In 2018, councils in UK intended to prohibit halal meat supply to schools, and first local authority in the UK was Lancashire to rule that meat supplied to pupils in its schools must be from animals that have been stunned before slaughter. Under UK law, farm animals must be stunned before slaughter – although there is religious exemption for Jews and Muslims. This led to string response of the Lancashire Council of Mosques (LCM), that named this decision as “undemocratic and hugely discriminatory” (Dalton, 2018).

In 2019, ban of halal and kosher slaughter, has come into legislation in the Flanders regions of Belgium. According to the ban, animals must be stunned before their throats are cut in religious rituals, and this affected the Jewish and Muslim groups that pointed out that the new rules violate EU freedom of religion laws.
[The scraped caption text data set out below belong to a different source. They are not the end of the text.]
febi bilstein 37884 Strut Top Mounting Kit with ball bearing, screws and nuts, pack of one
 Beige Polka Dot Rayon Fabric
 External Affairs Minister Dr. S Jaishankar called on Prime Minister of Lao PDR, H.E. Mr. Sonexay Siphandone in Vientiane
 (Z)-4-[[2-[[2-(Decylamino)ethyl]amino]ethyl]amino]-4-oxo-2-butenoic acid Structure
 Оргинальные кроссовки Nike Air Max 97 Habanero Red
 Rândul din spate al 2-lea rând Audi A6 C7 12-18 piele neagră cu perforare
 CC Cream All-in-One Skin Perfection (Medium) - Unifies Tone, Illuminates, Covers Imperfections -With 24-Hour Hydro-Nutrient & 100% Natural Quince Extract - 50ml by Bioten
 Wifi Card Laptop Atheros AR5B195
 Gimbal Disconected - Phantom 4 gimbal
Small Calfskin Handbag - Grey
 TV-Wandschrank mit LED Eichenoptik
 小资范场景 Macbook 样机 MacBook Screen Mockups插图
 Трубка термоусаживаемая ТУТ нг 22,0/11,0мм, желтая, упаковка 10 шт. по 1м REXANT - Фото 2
This ban was based on issue of animal welfare that was strongly supported by animal rights groups.

However, the debate is unlikely to be just an issue of animal welfare either, with right-wing nationalists also having called for a ban on ritual slaughter. This has led to concerns that Jewish and Muslim communities in Belgium are being targeted under the guise of animal protection and ethics amid concerns of anti-Semitism and Islamophobia (Selby, 2019).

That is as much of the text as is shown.